**YOUR ASSIGNMENT**
Using the records below, write out again exactly the lines that begin at the line containing "Hydroporation®" and end at the line containing "2024 NEW Dcool", and no other lines.

====

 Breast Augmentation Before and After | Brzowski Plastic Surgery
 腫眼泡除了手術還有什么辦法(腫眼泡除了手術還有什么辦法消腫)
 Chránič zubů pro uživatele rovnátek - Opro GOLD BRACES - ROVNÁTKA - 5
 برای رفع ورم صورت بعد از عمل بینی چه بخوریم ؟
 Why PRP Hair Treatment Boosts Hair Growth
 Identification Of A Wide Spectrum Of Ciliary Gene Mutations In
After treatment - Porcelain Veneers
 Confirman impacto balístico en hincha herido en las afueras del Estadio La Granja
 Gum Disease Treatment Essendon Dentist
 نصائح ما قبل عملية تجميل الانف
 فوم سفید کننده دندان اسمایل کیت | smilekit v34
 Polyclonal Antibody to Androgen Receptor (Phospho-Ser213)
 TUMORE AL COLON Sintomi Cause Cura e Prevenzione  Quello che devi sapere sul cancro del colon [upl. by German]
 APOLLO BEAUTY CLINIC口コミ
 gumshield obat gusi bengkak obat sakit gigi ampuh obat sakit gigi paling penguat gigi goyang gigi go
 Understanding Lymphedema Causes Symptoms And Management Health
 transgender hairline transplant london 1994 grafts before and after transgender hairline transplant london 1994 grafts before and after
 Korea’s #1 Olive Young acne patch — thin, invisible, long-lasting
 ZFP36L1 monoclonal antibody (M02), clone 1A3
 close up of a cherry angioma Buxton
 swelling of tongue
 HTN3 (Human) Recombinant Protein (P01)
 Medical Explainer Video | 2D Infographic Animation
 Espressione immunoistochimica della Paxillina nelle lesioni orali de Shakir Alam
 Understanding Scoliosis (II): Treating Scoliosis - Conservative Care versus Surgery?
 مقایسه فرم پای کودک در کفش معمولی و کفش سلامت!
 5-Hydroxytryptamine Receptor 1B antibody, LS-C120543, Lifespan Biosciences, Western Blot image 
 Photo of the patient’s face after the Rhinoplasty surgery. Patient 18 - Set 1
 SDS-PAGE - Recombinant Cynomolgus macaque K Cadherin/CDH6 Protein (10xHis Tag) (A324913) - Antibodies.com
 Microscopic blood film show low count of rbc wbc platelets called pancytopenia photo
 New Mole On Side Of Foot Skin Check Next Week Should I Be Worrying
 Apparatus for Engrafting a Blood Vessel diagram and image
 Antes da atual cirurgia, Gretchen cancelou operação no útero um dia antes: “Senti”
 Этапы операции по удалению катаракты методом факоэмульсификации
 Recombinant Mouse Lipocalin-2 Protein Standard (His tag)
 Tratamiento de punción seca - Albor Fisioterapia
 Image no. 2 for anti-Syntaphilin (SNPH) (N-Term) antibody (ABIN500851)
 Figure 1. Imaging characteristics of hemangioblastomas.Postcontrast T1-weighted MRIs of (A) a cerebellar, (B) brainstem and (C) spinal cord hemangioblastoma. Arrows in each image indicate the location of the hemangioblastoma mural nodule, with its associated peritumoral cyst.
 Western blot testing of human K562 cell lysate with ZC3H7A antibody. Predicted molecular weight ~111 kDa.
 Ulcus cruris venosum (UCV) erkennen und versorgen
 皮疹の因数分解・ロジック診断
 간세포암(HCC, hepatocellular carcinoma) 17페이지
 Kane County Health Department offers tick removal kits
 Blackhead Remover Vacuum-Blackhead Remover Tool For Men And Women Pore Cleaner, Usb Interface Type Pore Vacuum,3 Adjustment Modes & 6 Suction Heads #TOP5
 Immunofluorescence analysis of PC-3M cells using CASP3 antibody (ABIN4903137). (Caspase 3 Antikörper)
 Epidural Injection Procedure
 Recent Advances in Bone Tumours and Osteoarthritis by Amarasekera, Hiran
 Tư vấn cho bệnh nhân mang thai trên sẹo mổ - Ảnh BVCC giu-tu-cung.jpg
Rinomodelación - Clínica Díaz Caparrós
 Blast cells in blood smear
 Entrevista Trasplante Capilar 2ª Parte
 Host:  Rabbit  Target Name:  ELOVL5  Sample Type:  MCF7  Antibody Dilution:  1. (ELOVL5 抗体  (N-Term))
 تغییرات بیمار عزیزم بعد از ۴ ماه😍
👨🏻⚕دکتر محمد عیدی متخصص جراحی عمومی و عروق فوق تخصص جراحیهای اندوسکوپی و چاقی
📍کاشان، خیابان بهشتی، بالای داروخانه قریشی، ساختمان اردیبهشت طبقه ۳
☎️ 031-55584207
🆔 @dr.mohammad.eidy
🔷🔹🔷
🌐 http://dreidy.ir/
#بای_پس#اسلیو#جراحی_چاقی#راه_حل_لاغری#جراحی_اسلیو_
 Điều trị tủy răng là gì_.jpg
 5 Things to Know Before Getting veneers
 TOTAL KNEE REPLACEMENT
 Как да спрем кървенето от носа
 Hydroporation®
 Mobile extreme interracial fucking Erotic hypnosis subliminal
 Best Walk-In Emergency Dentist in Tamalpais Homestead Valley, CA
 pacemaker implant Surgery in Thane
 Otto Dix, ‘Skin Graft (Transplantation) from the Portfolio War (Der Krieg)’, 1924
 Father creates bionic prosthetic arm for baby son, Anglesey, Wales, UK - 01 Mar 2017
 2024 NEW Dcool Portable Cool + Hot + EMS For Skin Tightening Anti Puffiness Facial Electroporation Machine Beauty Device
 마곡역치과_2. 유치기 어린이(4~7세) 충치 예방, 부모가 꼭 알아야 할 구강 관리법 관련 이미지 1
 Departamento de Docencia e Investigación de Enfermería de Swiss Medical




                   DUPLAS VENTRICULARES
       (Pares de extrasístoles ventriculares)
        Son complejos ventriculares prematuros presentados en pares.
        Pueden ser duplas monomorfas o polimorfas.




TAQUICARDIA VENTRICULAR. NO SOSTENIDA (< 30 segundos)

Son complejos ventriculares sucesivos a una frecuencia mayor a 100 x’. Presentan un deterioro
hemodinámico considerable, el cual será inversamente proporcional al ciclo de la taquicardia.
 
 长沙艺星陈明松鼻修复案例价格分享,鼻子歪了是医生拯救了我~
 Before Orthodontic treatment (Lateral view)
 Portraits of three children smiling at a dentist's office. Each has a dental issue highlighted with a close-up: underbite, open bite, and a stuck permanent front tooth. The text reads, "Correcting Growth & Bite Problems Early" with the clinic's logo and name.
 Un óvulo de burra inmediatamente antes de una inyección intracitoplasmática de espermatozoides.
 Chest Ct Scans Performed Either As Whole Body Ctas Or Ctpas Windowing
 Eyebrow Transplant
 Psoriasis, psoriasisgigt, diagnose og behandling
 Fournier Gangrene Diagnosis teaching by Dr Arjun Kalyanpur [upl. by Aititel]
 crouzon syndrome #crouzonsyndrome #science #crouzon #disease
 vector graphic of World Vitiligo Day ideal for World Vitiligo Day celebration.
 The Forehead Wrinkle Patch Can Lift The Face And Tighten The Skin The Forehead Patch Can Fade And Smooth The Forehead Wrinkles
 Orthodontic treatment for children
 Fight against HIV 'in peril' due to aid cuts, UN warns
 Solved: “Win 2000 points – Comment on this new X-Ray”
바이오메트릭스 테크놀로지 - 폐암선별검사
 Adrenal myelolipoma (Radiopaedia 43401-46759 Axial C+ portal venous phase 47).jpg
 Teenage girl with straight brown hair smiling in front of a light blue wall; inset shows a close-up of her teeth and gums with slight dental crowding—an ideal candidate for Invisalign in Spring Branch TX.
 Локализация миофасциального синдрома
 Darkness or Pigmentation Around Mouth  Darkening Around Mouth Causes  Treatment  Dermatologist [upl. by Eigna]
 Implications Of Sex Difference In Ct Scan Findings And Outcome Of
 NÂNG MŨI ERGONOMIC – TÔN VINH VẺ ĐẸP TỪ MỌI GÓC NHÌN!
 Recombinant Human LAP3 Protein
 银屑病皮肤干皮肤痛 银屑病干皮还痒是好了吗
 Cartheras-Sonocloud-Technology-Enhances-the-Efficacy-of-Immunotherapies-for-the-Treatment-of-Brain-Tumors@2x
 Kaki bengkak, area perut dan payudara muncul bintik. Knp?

====

**TASK SOLUTION**
 Hydroporation®
 Mobile extreme interracial fucking Erotic hypnosis subliminal
 Best Walk-In Emergency Dentist in Tamalpais Homestead Valley, CA
 pacemaker implant Surgery in Thane
 Otto Dix, ‘Skin Graft (Transplantation) from the Portfolio War (Der Krieg)’, 1924
 Father creates bionic prosthetic arm for baby son, Anglesey, Wales, UK - 01 Mar 2017
 2024 NEW Dcool Portable Cool + Hot + EMS For Skin Tightening Anti Puffiness Facial Electroporation Machine Beauty Device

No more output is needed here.